##### Listed records

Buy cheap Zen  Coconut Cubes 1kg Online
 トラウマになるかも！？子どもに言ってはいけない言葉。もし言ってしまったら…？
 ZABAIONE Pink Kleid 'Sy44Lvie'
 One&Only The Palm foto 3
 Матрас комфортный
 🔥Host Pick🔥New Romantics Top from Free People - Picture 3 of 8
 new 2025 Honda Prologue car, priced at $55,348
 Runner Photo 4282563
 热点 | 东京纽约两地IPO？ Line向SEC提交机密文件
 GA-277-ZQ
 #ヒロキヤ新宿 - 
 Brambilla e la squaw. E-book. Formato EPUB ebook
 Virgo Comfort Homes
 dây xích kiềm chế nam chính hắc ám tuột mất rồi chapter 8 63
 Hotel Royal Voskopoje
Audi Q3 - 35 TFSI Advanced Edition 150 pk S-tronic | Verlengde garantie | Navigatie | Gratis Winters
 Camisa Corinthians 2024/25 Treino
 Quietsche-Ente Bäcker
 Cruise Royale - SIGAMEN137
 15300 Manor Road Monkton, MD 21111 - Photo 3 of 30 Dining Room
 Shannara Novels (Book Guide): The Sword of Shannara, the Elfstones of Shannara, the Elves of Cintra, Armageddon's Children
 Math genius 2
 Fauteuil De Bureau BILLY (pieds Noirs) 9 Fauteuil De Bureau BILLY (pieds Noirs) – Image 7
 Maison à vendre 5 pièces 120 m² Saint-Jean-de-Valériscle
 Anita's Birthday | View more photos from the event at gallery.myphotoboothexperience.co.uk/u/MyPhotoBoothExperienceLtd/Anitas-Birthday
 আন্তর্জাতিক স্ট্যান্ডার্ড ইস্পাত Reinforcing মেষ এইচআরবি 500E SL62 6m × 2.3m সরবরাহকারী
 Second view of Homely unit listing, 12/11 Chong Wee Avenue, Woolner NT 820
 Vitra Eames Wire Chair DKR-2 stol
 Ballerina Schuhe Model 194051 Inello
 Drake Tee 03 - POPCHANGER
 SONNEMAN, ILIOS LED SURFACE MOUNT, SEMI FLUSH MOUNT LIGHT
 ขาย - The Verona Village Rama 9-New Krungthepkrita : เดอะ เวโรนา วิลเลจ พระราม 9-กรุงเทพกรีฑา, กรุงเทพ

##########

**Problem**
Using the material above, gather every line that includes "from".

**Output of the task**
 🔥Host Pick🔥New Romantics Top from Free People - Picture 3 of 8
 Anita's Birthday | View more photos from the event at gallery.myphotoboothexperience.co.uk/u/MyPhotoBoothExperienceLtd/Anitas-Birthday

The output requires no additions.